Trois ans de conflit au Soudan : une conférence internationale pour relancer l’espoir à Berlin

Depuis trois ans, le Soudan est le théâtre d’une guerre meurtrière entre l’armée et les paramilitaires, plongeant la grande majorité de sa population dans la pauvreté. À l’occasion de l’anniversaire du conflit, une conférence internationale se tient à Berlin ce mercredi, réunissant des donateurs pour discuter de la situation humanitaire désastreuse et des perspectives d’un retour à la paix.

EN BREF

  • Trois ans de guerre au Soudan ont causé un déplacement massif de population et une crise alimentaire aiguë.
  • Une conférence internationale à Berlin vise à relancer les efforts de paix et à lever des fonds.
  • La situation humanitaire est alarmante avec une famine déclarée dans certaines régions.

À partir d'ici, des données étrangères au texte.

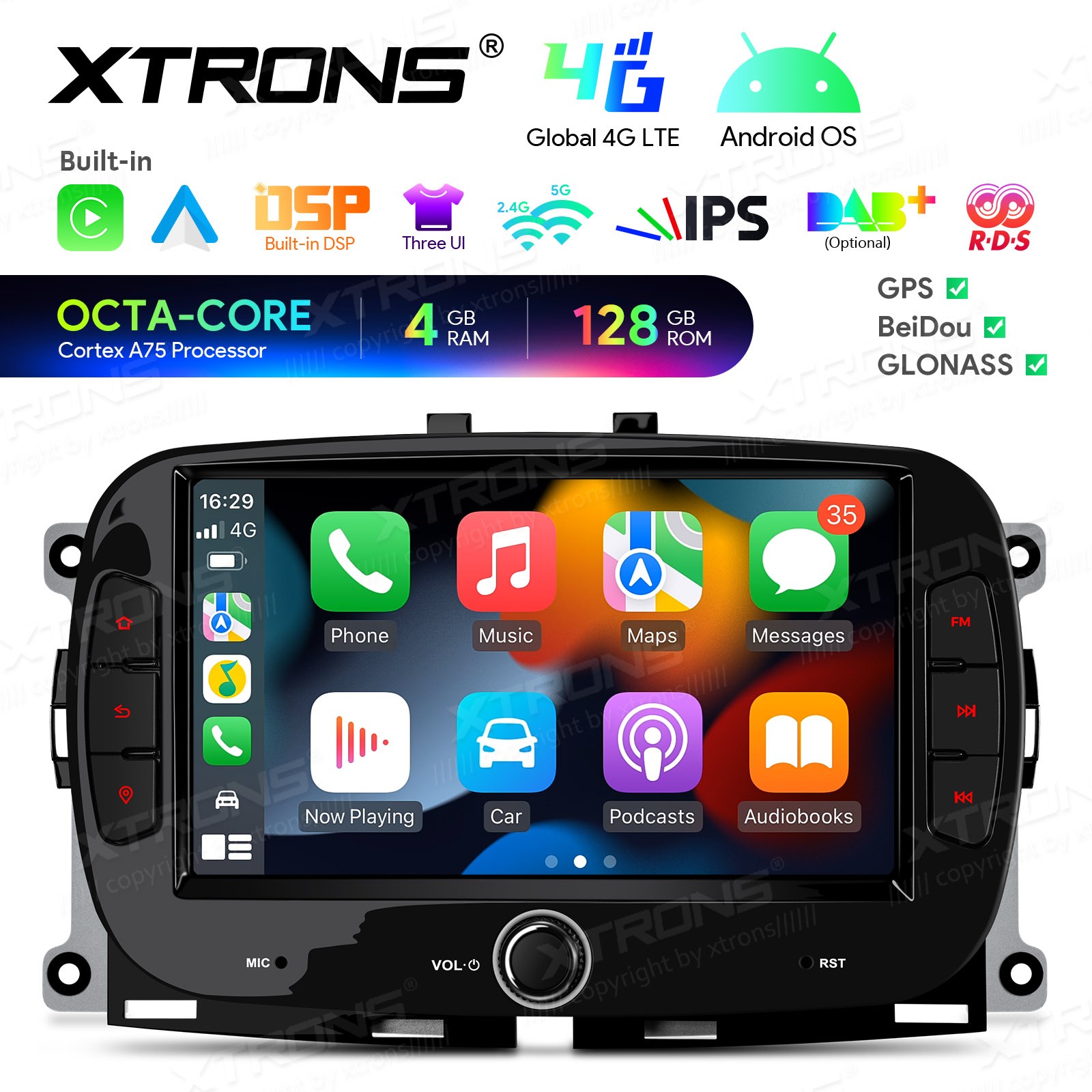 7″ IPS Android 14 4G LTE 128G Octa Core Head Unit for Fiat 500 Abarth 2016-2019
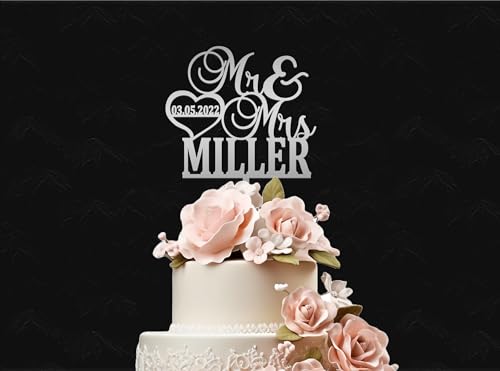 Mr and Mrs Cake Topper for wedding, Last name and date topper, Personalized cake topper, rustic toppers for cake, Wooden Bride & Groom Mr Mrs Heart Customized Wedding topper - WoodArtSupply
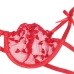 SUBBLIME - 954338 HEART PRINT BRA + THONG + GARTER BELT RED L/XL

La guerre, qui oppose l’armée soudanaise aux Forces de soutien rapide (FSR), a eu des conséquences dévastatrices. Plus de 11 millions de personnes sont désormais déplacées, et 50 millions d’habitants vivent une insécurité alimentaire croissante. Le chancelier allemand, Friedrich Merz, a souligné que cette crise, bien que significative, demeure souvent ignorée par la communauté internationale.

La conférence de Berlin, qui exclut les belligérants, réunit des gouvernements, des agences humanitaires ainsi que des organisations de la société civile. Les discussions porteront notamment sur la manière d’influencer les acteurs clés du conflit. Le représentant du Programme des Nations unies pour le développement au Soudan, Luca Renda, a mis en lumière l’importance de la coopération internationale pour sortir de cette impasse.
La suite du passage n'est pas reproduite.